After a couple weeks spent enhancing a large stored procedure, named MyDataGet, I'm done with the new version. After considerable work on the performance of the procedure I think it's faster, but it's not faster in every case. How can I demonstrate to skeptical users that by-and-large the new version is faster and they should put it into production?
The right statistics can demonstrate that the new version is "very probably" better than the old one. In this case the statistic that we'll use is the sign test. It's a common statistical test and if you took statistics in college you may have heard of it.

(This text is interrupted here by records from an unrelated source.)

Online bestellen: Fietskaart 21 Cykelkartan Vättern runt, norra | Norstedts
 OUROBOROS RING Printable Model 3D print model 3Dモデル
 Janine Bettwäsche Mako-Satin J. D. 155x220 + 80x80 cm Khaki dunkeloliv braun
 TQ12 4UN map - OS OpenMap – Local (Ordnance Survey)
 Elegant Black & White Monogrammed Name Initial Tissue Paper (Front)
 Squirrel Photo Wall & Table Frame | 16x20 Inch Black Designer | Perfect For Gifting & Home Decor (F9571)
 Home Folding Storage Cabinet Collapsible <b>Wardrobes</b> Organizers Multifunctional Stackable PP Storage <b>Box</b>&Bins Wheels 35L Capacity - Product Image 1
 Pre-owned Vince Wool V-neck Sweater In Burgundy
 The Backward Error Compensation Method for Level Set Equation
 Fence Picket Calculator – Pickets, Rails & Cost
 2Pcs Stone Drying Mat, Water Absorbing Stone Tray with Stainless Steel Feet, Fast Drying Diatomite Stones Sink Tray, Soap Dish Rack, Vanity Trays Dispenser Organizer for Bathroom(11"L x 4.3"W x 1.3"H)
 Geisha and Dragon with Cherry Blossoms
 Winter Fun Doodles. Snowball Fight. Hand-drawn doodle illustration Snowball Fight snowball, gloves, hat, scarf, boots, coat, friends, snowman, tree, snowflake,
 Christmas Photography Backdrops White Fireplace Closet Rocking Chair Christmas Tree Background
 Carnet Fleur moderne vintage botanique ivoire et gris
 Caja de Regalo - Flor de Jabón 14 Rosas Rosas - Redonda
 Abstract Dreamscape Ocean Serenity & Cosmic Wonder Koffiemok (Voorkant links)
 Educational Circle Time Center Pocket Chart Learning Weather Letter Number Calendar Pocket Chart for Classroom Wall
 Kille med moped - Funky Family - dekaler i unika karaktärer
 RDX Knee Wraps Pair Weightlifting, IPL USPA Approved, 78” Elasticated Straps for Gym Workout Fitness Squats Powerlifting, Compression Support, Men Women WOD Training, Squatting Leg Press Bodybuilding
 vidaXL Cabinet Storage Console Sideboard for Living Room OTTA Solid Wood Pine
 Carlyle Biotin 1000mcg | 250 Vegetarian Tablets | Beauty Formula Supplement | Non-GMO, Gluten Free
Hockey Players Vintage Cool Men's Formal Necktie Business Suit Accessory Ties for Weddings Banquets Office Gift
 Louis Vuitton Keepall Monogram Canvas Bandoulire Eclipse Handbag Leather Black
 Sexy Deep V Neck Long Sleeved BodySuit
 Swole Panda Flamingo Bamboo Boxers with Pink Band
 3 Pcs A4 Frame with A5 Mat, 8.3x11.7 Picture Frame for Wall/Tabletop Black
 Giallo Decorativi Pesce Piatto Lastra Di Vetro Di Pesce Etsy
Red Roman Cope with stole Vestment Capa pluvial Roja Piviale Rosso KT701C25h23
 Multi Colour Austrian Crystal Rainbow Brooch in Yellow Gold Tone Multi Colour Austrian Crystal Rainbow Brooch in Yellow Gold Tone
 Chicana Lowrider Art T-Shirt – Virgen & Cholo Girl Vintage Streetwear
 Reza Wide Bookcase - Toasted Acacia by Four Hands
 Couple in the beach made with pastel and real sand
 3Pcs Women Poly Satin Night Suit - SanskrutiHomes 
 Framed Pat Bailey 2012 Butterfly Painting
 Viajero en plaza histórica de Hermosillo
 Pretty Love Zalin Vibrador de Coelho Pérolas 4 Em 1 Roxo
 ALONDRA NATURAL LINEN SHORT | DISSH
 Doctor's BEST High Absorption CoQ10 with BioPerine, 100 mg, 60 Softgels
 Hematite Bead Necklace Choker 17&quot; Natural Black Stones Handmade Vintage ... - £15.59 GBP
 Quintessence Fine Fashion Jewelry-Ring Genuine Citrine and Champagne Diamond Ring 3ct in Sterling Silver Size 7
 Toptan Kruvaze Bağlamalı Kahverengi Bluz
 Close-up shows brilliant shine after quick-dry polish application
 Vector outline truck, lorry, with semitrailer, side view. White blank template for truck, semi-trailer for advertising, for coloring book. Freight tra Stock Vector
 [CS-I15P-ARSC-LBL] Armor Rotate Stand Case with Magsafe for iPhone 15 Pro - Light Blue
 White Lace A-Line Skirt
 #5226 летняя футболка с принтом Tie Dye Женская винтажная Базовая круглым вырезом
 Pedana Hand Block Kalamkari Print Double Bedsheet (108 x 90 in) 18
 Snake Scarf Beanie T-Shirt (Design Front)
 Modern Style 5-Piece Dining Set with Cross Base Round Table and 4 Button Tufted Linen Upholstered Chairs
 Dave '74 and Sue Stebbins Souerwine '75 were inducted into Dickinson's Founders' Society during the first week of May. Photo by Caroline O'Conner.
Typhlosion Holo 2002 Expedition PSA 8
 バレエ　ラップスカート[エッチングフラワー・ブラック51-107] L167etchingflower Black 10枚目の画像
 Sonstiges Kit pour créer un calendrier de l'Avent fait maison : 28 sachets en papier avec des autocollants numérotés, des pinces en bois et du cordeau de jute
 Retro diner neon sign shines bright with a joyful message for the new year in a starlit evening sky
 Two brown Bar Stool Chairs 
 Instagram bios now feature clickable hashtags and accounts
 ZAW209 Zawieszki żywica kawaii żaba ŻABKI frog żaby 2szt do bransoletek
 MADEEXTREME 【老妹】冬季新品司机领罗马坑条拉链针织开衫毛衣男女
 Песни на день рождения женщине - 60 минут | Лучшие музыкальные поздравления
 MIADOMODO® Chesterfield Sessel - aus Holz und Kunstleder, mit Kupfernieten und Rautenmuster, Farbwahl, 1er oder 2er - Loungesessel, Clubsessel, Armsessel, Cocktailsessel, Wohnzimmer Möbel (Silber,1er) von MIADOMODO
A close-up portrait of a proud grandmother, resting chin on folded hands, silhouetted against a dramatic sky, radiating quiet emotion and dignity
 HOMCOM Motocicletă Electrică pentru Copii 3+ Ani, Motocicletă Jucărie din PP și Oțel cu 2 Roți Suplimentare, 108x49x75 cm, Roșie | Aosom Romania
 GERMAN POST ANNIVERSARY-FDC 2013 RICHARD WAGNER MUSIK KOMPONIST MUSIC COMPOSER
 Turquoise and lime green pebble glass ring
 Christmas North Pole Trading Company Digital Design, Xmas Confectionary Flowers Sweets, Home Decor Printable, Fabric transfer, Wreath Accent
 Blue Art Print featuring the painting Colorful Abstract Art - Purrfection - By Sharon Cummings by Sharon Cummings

It has the advantage that it has few statistical assumptions and that makes it easier to defend.
MyDataGet, is the key stored procedure for an application that I've worked on for a few years. It's the one that my client's production jobs are based on and it does most of the ad hoc querying for the users. They use it instead of querying the data directly because of the need for complex adjustments to the data and for the need to pivot the data into columns that they find easier to read and that their analytical programs usually require.
The data is structured as entity-attribute-value with a table like this:
CREATE TABLE eav ( attribute_id smallint NOT NULL ,[entity_id] int NOT NULL ,[value] varchar(255) NOT NULL ,begin_datetime datetime NOT NULL DEFAULT (GETDATE()) ,end_datetime datetime NOT NULL DEFAULT ('9999-12-31 23:59:59.997') )
MyDataGet has 18 parameters. Many systems have similar procedures that do multiple jobs and have long parameter lists. Usually they've been enhanced and enhanced over time and end up like this:
CREATE PROC dbo.MyDataGet @Arribute_Selection_List1 varchar(8000) = NULL ,@Attribute_Selection_List_Another_Way varchar(8000) = NULL ,@Entity_Selection_List varchar(8000) = NULL ,@Entity_Selection_List_Another_Way varchar(8000) = NULL ,@Datetime_selection_one_way varchar(8000) = NULL ,@datetime_selection_another_way varchar(8000) = NULL ,@Special_Treatment_1 bit = 0 ,@Special_Treatment_2 bit = 0 ,@Special_Treatment_3 bit = 0 .... .... more parameters AS....
The @Attribute_Selection_List% parmeters let the user pick their attributes, which end up as columns. The @Entity_Selection_List% parmeters let the users pick their entities, which end up as rows. @Datetime_selection_% parameters let the users specify the datetime values used to retrieve the data. @Special_treatment_% parameters request adjustments like Winsorization, which is a statistical technique that removes outliers. With so many parameters and such wide range of options, the run-time for calls to MyDataGet ranges from one second up to a couple of hours. I had to put limits on the amount of data that could be requested after a user filled tempdb with a 6 hour query and brought the server to a halt.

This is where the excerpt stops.